Er, I appreciate trying to be constructive, but in what possible situation is it not a bug that a power cycle can lose the pool? And if it's not technically a "bug" because BTRFS officially specifies that it can fail like that, why is that not in big bold text at the start of any docs on it? 'Cuz that's kind of a big deal for users to know.
EDIT: From the longer write-up:
> Initial damage. A hard power cycle interrupted a commit at generation 18958 to 18959. Both DUP copies of several metadata blocks were written with inconsistent parent and child generations.
Did the author disable safety mechanisms for that to happen? I'm coming from being more familiar with ZFS, but I would have expected BTRFS to also use a CoW model where it wasn't possible to have multiple inconsistent metadata blocks in a way that didn't just revert you to the last fully-good commit. If it does that by default but there's a way to disable that protection in the name of improving performance, that would significantly change my view of this whole thing.

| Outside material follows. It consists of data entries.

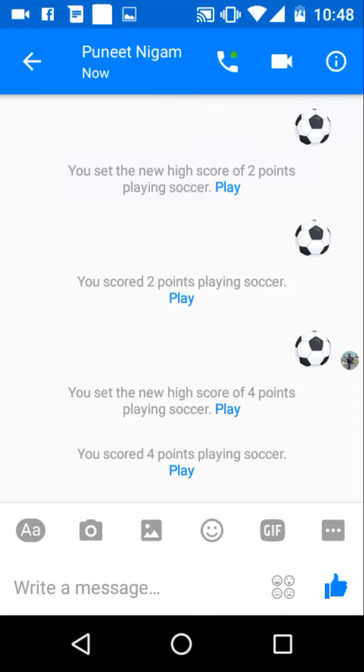Hello and welcome guys, Shrikant here back with a brand new video. This is a trick that's new in Facebook Messenger on how to play soccer game in the messenger. It's fairly simple to go forward and do it.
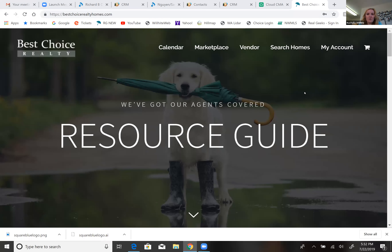Welcome to the conference call. We're going to get started with how to use the CMA tool available for all of you. There are some tools on our resource guide and we're going to cover how to package everything together for a CMA — maybe you're doing a CMA tonight and need to get something to your client or prepare for a listing appointment. This call covers the mechanics of how to put that all together.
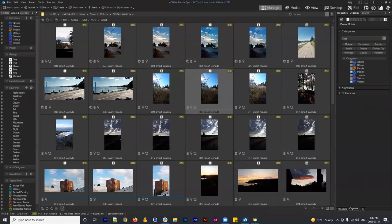Bill, you can apply lens correction as a batch development preset — go to Geometry, Lens Correction, correct for your specific camera, save the development preset with only Lens Correction checked, name it accordingly, and then batch apply it to all images shot with that lens.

Changing the metadata profile to at least raid1 (raid1, raid1c3, raid1c4) is a good idea, especially for anyone, against recommendations, using raid5 or raid6 for a btrfs array (raid1c3 is more appropriate for raid6). That would make it very difficult for metadata to get corrupted, which is the lion's share of the higher-impact problems with raid5/6 btrfs.
check:
btrfs fi df <mountpoint>
convert metadata: btrfs balance start -mconvert=raid1c3,soft <mountpoint>
(make sure it's -mconvert — m is for metadata — not -dconvert which would switch profiles for data, messing up your array)As a ZFS wrangler by day:
People in this thread seem to happily shit on btrfs here but this seems to be very much not like a sane, resilient configuration no matter the FS. Just something to keep in mind.
Please don't be btrfs please don't be btrfs please don't be btrfs...
Post-migration, a complete disk image of the original ext4 disk will exist within the new filesystem, using no additional disk space due to the magic of copy-on-write.
Why isn't the repair process the same? Fix the filesystem to get everything online asap, and leave a complete disk image of the old damaged filesystem so other recovery processes can be tried if necessary.
Also, impressive work!